• _EXERCISE AIM_
Repeat exactly the lines of the entries below from the one with "Tennis Club Grand" through the one with "Absolute Threshold chapter 96 page 24", both ends included, and nothing else.

• _EXCERPTED DATA_
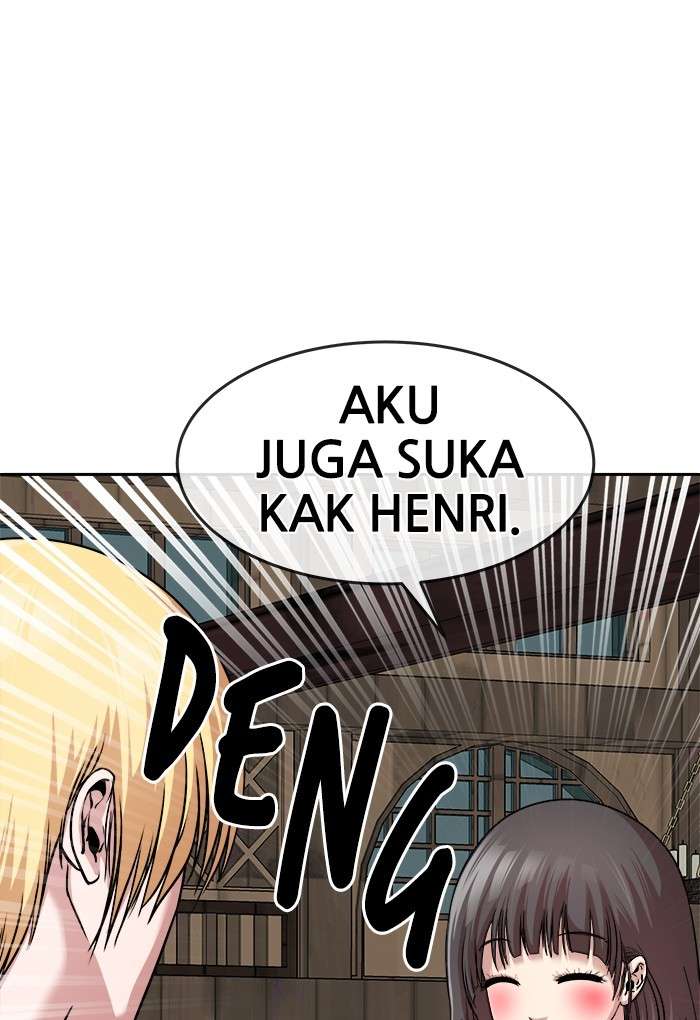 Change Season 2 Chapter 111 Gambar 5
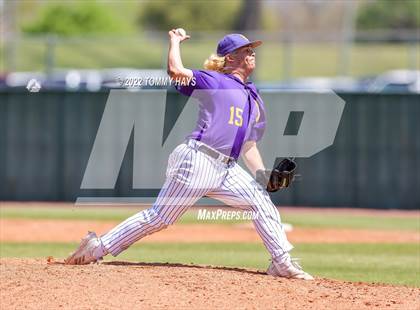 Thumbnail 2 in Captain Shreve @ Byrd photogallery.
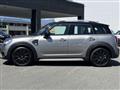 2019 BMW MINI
--
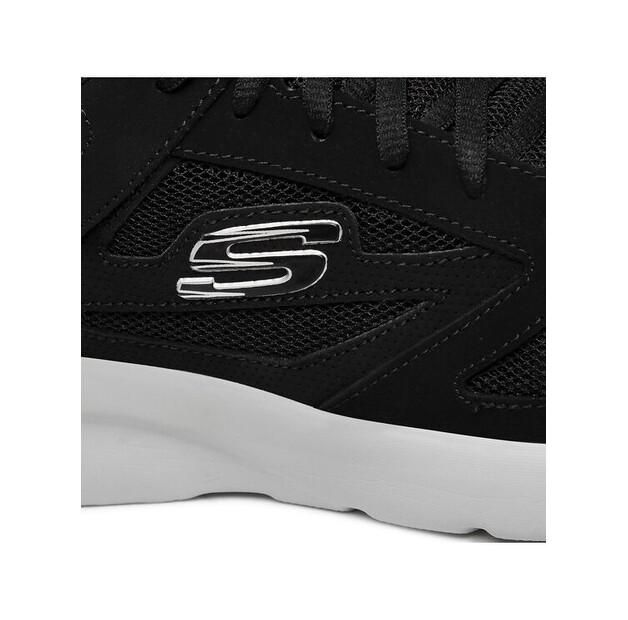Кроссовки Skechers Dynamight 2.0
...
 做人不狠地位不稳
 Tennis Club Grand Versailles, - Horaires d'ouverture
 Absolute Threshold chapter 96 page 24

• _SOLUTION_
 Tennis Club Grand Versailles, - Horaires d'ouverture
 Absolute Threshold chapter 96 page 24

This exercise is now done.